Waldby analisa então como, ao escolher Jernigan, o VHP por um lado reata
com as lições de anatomia porque a matéria-prima continua sendo fornecida
por extratos malditos da sociedade; mas, por outro, como rompe com ela ao
deixar para trás o "Livro do Homem", o atlas anatômico, e criar o Homem
Visível.
Em suma: como na dissecação anatômica, o VHP exige o sacrifício de um
corpo como modelo tecnológico que é redimido porque vai servir a outros;
mas, se a produção da imagem anatômica pode ser pensada como uma série de
práticas de espacialização que transformam sucessivamente o volume do
corpo tridimensional em traços iterativos, vale dizer, como uma cartografia
que repensa o corpo humano em relação ao corpo do livro, o mesmo não se dá
com a produção da imagem virtual.

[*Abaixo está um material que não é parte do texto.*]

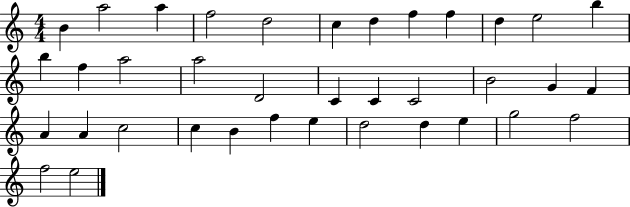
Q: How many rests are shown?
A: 0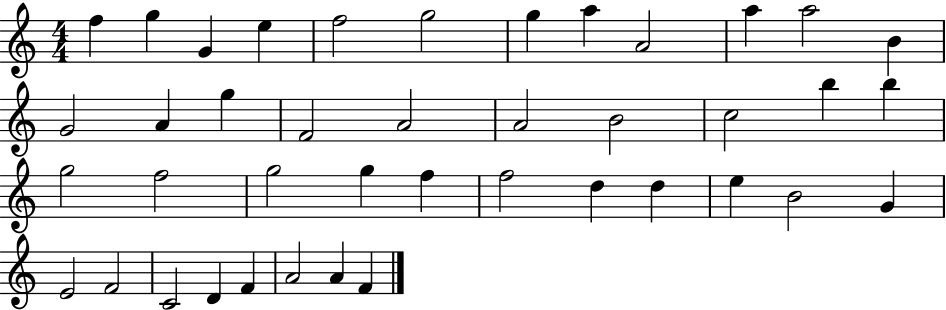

Na passagem do livro à tela, a imagem
deixa de ser uma representação para se tornar uma imagem operacional,
passível de ser desdobrada como um substituto dos órgãos atuais, em cirurgias
e endoscopias virtuais. Waldby mostra que dentro do universo tecnocientífico
a atração exercida por Adão e Eva do ciberespaço deriva das equações vida =
informação e organismo = código, que tratam as figuras como entidades
vitais, corpos mortos ressurretos por meio da capacidade tecnogênica de criar
uma segunda natureza informacional.
Ora, o paradoxo é que essa criação de vida se funda num referente incômodo e
inapagável -o cadáver, a morte que torna a gênese uma operação macabra e
transforma a medicina pós-humana numa medicina gótica. Com efeito, como
esquecer que o homem e a mulher visíveis são cadáveres reanimados,
fantasmas digitais que retornam ao mundo atual?